##### MATERIAL FOR THIS EXERCISE
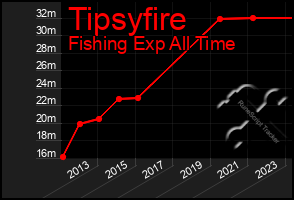 Total Graph of Tipsyfire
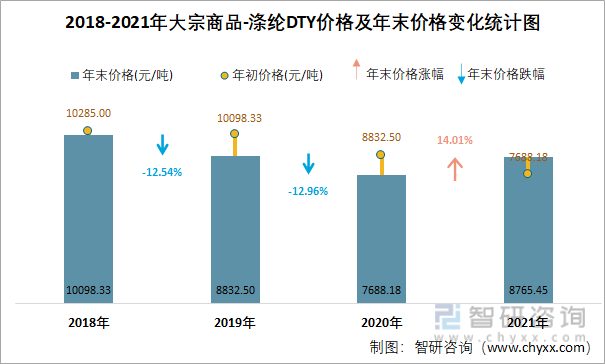 2018-2021年大宗商品-涤纶DTY价格及年末价格变化统计图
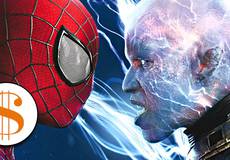 Обзор украинского бокс-офиса за уик-энд (1 мая – 4 мая)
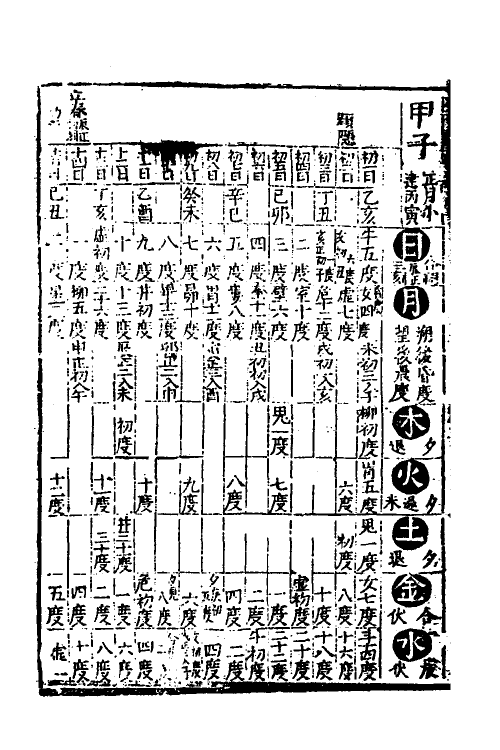 59804-新编遵依司天台经纬历书二 (明)陆位校_第3页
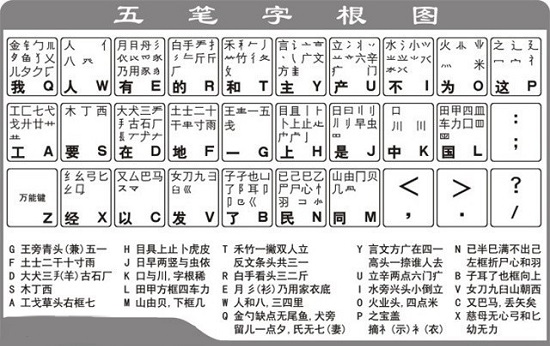 五笔输入法使用教程：字根图、键盘位置及拆字方法全解析
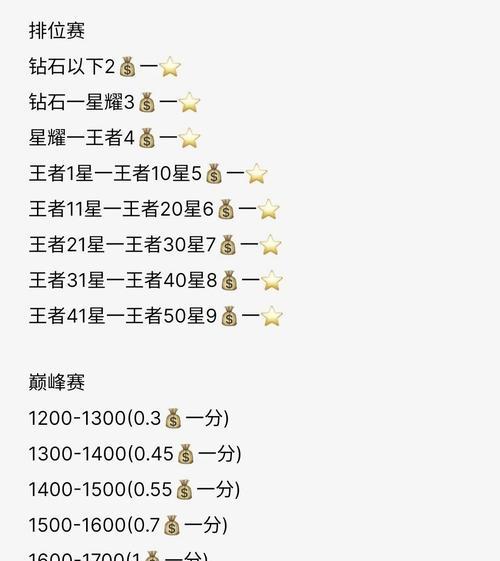 王者荣耀铭牌购买方法是什么？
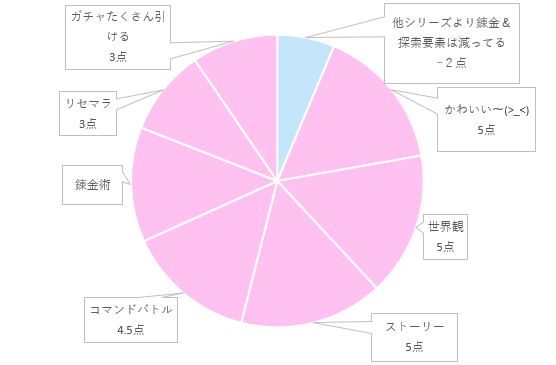 円グラフ比較　レスレリアーナのアトリエ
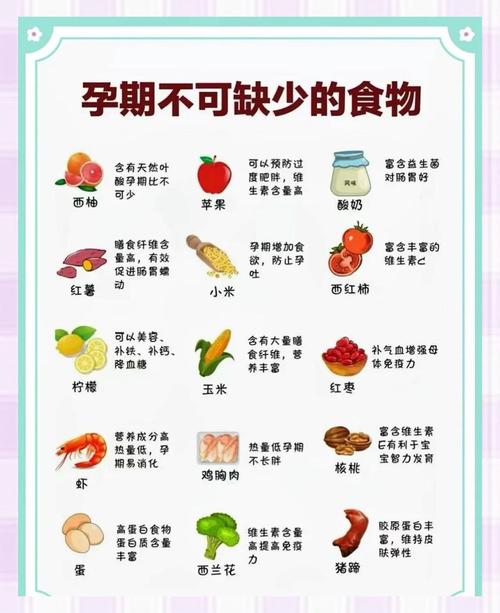 怀孕初期饮食禁忌有哪些？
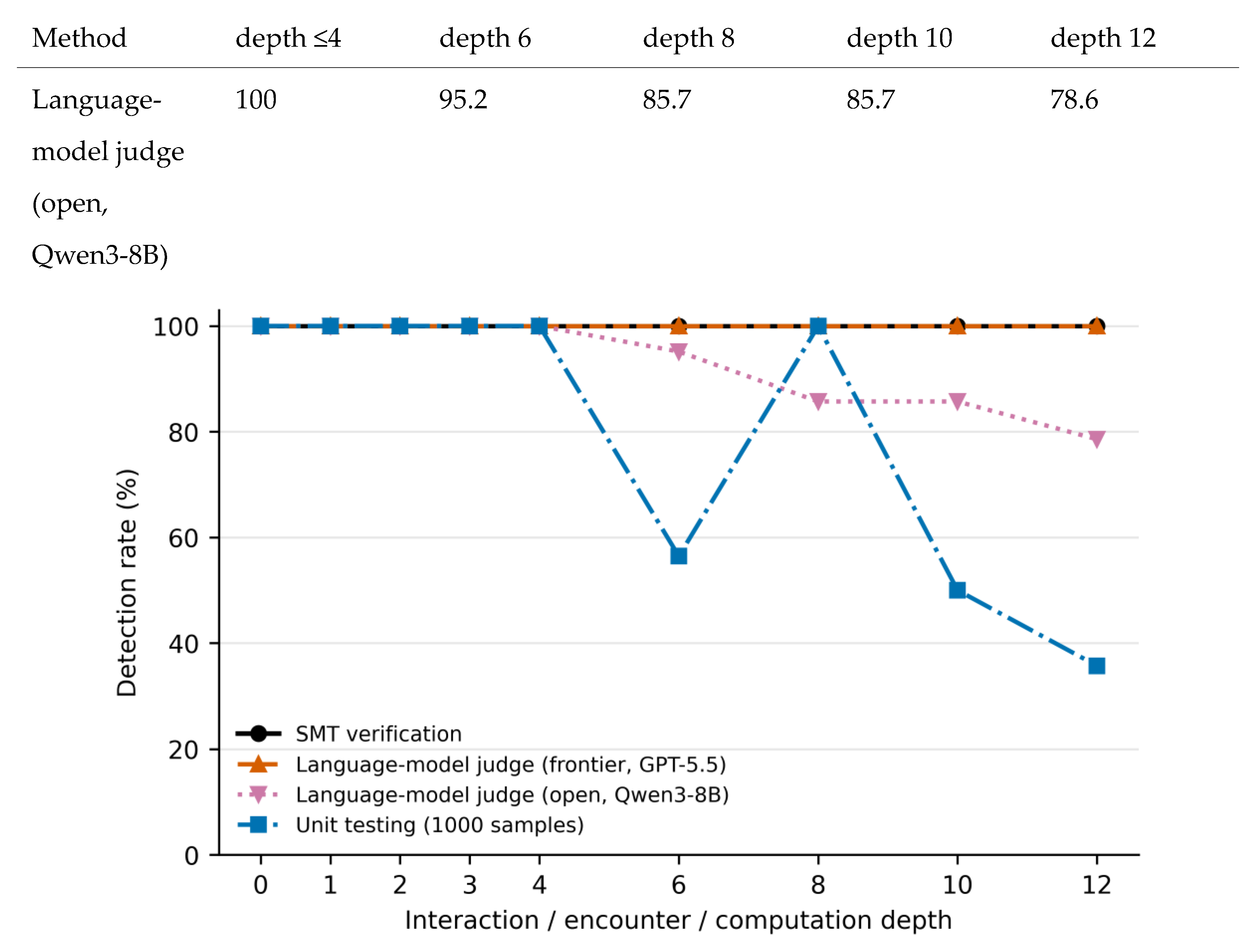 Preprints 218410 g001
##########
--- INSTRUCTIONS FOR THE TASK ---
Using the listing above, set down exactly each line from the one containing "Обзор украинского бокс-офиса" through the final line, and leave out pictures.

--- FINAL ANSWER ---
 Обзор украинского бокс-офиса за уик-энд (1 мая – 4 мая)
 59804-新编遵依司天台经纬历书二 (明)陆位校_第3页
 五笔输入法使用教程：字根图、键盘位置及拆字方法全解析
 王者荣耀铭牌购买方法是什么？
 円グラフ比較　レスレリアーナのアトリエ
 怀孕初期饮食禁忌有哪些？
 Preprints 218410 g001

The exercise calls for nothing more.